Réseau asiatique contre la peine de mort, composé de nombreux ONG, d'avocats et de personalités de la société civile, ADPAN co-organise avec Ensemble contre la peine de mort (ECPM) le prochain Congrès régional à Kuala Lumpur, en Malaisie, les 11 et 12 juin prochains. Au sein de son comité exécutif, l’avocate Ngeow Chow Ying qui est aussi vice-présidente de la Commission des droits de l’homme de l’Assemblée chinoise de Kuala Lumpur Selangor (Kuala Lumpur Selangor Chinese Assembly Hall – KLSCAH). Entretien.

Dans quels objectifs a été créé ADPAN ?
APAN a été créé en 2006 pour mettre en réseau l’ensemble des organisations asiatiques qui travaillent sur la peine de mort. L’objectif étant de consolider le mouvement abolitionniste dans la région et de soutenir les défenseurs des droits de l’homme. Beaucoup de pays en Asie sont favorables au maintien de la peine capitale. C’est l’une des régions qui exécutent le plus. Pour faire avancer le mouvement abolitionniste international, nous devrions concentrer nos efforts sur l’Asie.

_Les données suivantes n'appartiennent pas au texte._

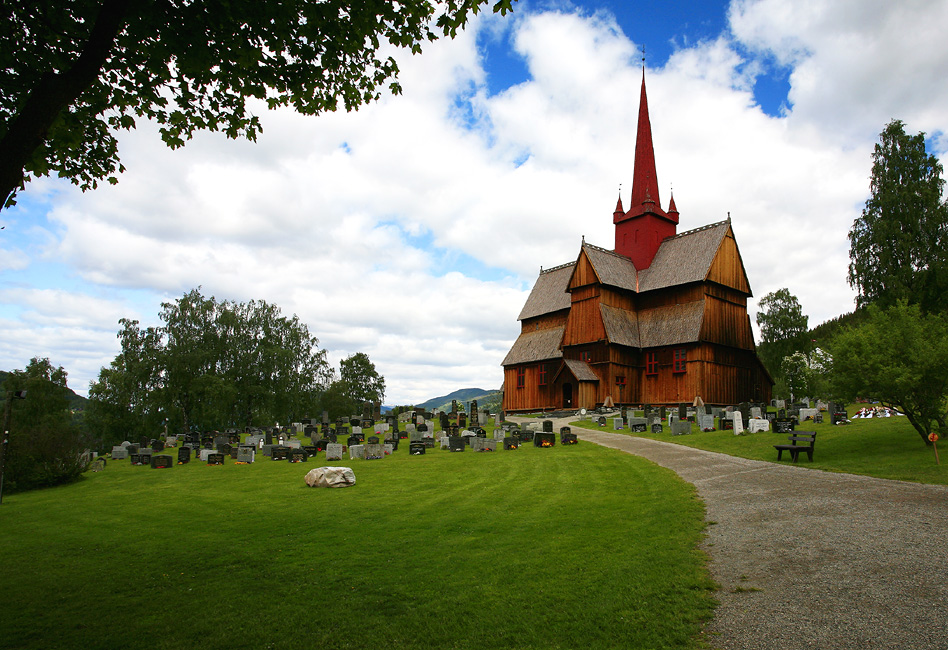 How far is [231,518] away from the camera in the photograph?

Pour la première fois, vous co-organisez avec ECPM un Congrès régional sur la peine de mort. Qu’espérez-vous de cet événement ?
Nous espérons que ce soit un premier jalon vers l’abolition de peine de mort en Asie du Sud-Est. Ce rendez-vous inédit doit permettre d’ouvrir le débat à l’échelle régionale et faire converger les points de vue des différents acteurs impliqués : organismes gouvernementaux, société civile, universitaires, médias. Il est important qu’après le Congrès chaque participant reparte avec un projet pour atteindre nos objectifs communs. Nous souhaitons aussi que ce Congrès fasse tomber les fausses idées sur la peine de mort. En Asie, beaucoup de gens considèrent, à tort, que la peine capitale permet de résoudre les problèmes sociaux causé par le trafic de drogues et l’addiction.

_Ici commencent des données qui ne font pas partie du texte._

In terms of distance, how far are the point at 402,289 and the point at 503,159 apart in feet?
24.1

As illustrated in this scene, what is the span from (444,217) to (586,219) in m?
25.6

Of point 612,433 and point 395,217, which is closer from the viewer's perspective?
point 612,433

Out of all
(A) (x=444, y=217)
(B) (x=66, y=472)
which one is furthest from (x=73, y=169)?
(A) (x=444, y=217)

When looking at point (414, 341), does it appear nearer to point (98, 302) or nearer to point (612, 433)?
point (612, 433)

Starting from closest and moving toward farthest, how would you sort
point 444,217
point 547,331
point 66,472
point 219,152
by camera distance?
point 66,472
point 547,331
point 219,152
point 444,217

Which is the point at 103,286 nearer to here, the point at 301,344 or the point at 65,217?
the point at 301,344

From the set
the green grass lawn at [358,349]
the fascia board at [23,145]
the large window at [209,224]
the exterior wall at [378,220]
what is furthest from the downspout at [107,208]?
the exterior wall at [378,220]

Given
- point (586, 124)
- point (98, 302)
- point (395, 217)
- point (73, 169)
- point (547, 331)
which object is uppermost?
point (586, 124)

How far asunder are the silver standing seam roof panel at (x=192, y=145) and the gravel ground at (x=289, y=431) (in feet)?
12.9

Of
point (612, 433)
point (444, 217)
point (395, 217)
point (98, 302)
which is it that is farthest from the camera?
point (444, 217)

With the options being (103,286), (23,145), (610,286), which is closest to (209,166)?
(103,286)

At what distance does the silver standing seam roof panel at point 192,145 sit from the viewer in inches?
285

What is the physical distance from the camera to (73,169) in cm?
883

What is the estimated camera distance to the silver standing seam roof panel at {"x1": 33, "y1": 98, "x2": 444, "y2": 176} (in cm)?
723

Qu’attendez-vous de Nancy Shukri, ministre malaisienne de la Justice, et de José Ramos-Horta, ancien président du Timor-Oriental et prix Nobel de la paix en 1996, qui sont tous les deux invités au Congrès régional ?
De Nancy Sukri, j’attends qu’elle mette en lumière les études approfondies qu’a menées le gouvernement malaisien sur la peine de mort. Nous avons besoin de connaître la position du gouvernement sur cette question et la direction qu’il veut prendre. En ce qui concerne Jose Ramos-Horta, j’espère qu’il nous aidera à porter nos idées auprès des parlementaires, à mieux nous faire entendre auprès de ceux qui fabriquent les lois.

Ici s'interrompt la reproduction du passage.